Your assignment: Your copy should hold only the lines from the one holding "Miu Miu Embroidered Letter Short Sleeve 2 7" through the last line of the records below, both included, each exact and with no pictures.

─── Exercise data

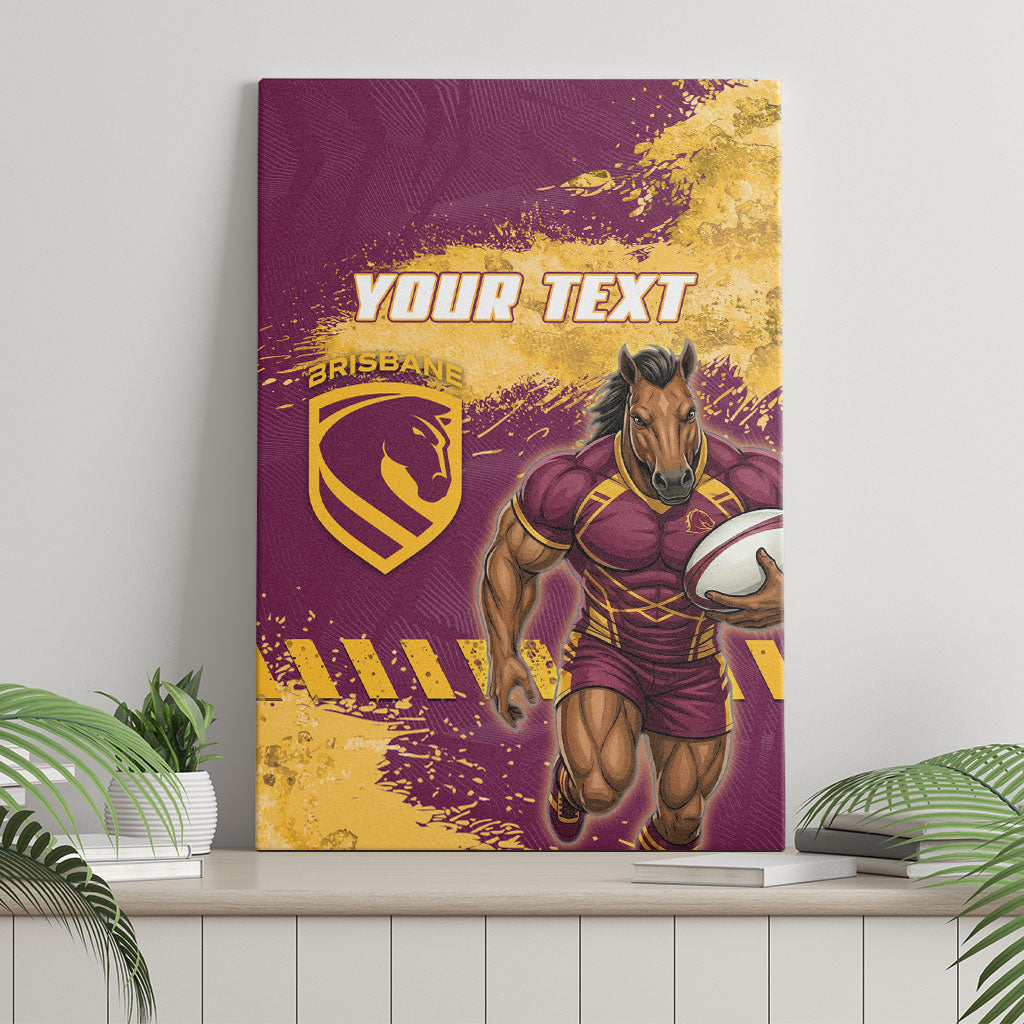 Personalised Brisbane Broncos Rugby Canvas Wall Art Bronx Mascot Grunge Maroon Gold - Sporty Splash Art Style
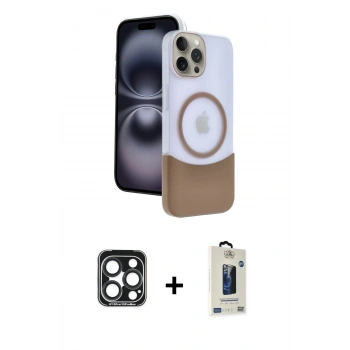 MARSİLYAN™- iPhone 15 Pro Max Kılıf Kozmos Form Özel Seri - Siyah Bilvis Hayalet Cam Ekran Koruyucu + PVD Metal Kamera Lens - LT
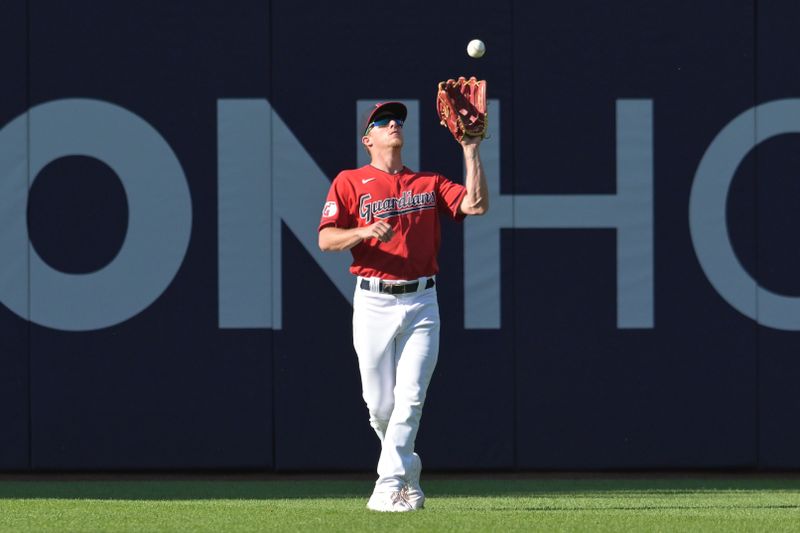 Jun 24, 2023; Cleveland, Ohio, USA; Cleveland Guardians center fielder Myles Straw (7) catches a ball hit by Milwaukee Brewers center fielder Joey Wiemer (not pictured) during the seventh inning at Progressive Field. Mandatory Credit: Ken Blaze-USA TODAY Sports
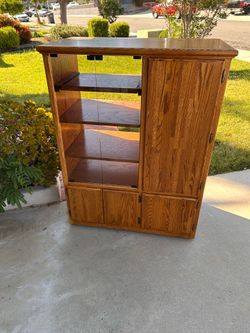Vintage oak entertainment center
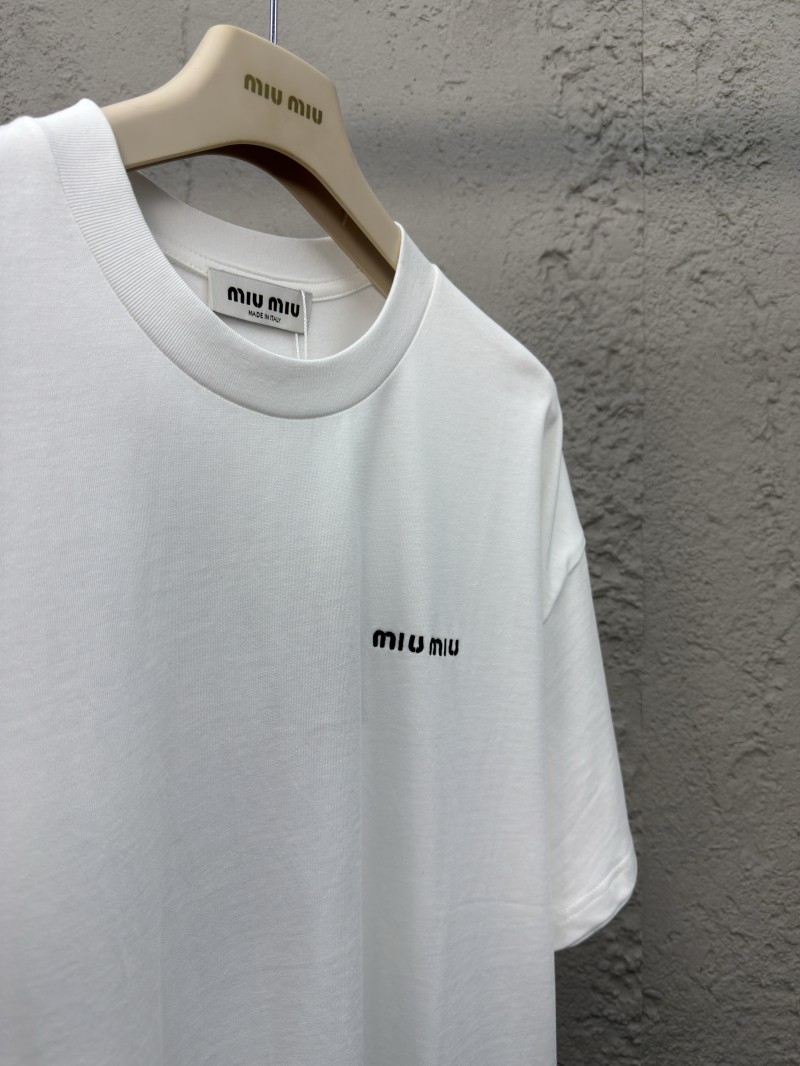 Miu Miu Embroidered Letter Short Sleeve 2 7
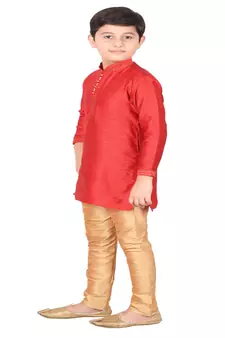 Red Self Design Silk Boys Kurta Pajama Set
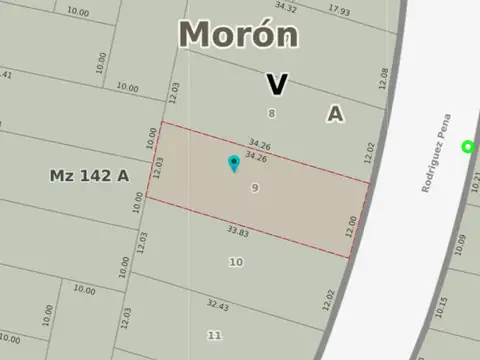 Terreno en Venta 12  mts Frente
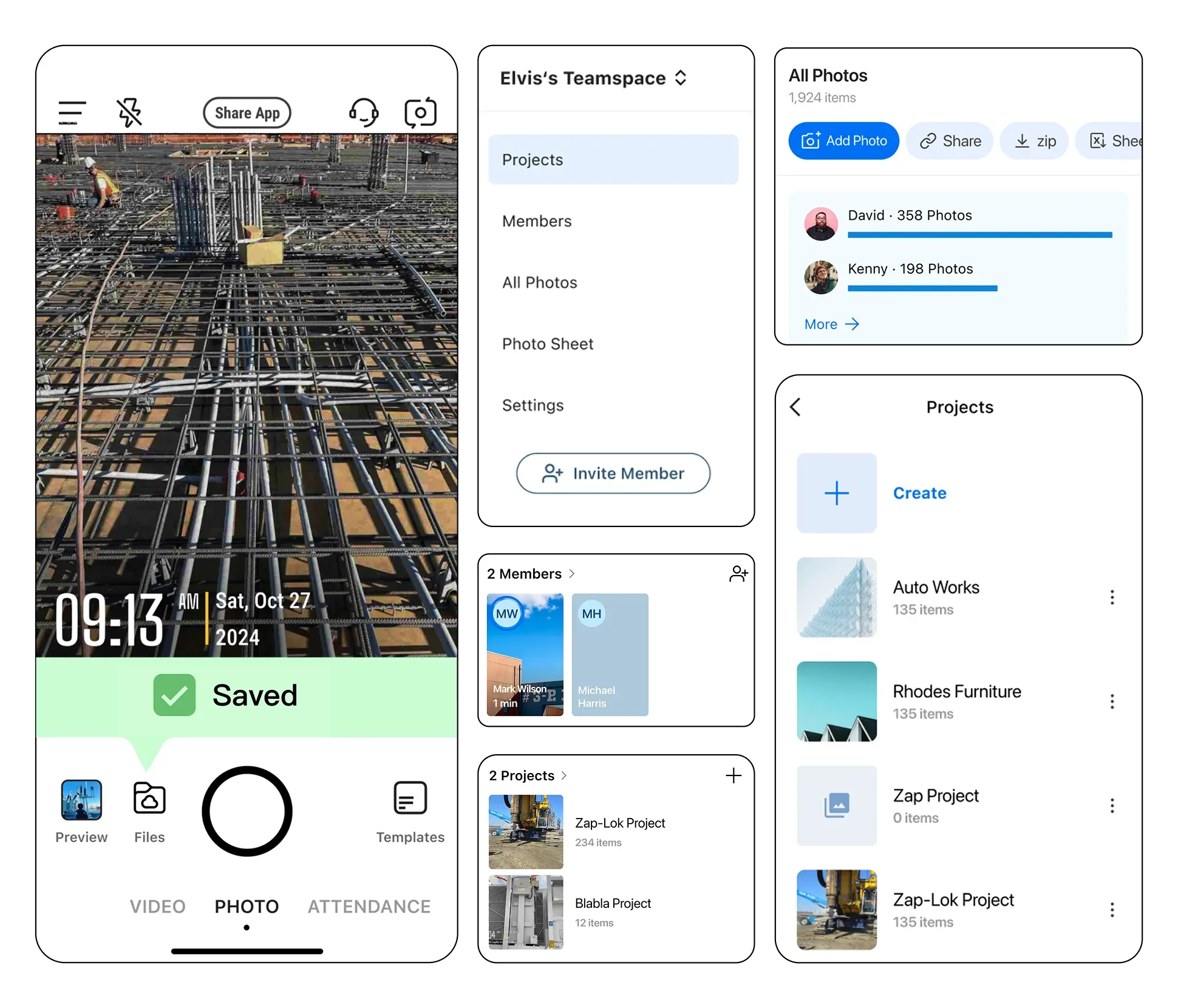 Teamspace interface showing construction progress photos organized by project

──────

Exercise result:
 Miu Miu Embroidered Letter Short Sleeve 2 7
 Red Self Design Silk Boys Kurta Pajama Set
 Terreno en Venta 12  mts Frente
 Teamspace interface showing construction progress photos organized by project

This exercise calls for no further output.